▶ WHAT TO DO:
Would you repeat every line below exactly, please?

SUPPLIED INFORMATION below:

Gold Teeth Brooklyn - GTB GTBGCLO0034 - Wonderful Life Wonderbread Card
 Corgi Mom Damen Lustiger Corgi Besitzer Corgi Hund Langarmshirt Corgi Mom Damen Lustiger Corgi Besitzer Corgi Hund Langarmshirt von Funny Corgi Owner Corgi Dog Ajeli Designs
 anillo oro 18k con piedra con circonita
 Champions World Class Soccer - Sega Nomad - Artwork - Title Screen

End of SUPPLIED INFORMATION.

▶ RESPONSE TO THE TASK:
Gold Teeth Brooklyn - GTB GTBGCLO0034 - Wonderful Life Wonderbread Card
 Corgi Mom Damen Lustiger Corgi Besitzer Corgi Hund Langarmshirt Corgi Mom Damen Lustiger Corgi Besitzer Corgi Hund Langarmshirt von Funny Corgi Owner Corgi Dog Ajeli Designs
 anillo oro 18k con piedra con circonita
 Champions World Class Soccer - Sega Nomad - Artwork - Title Screen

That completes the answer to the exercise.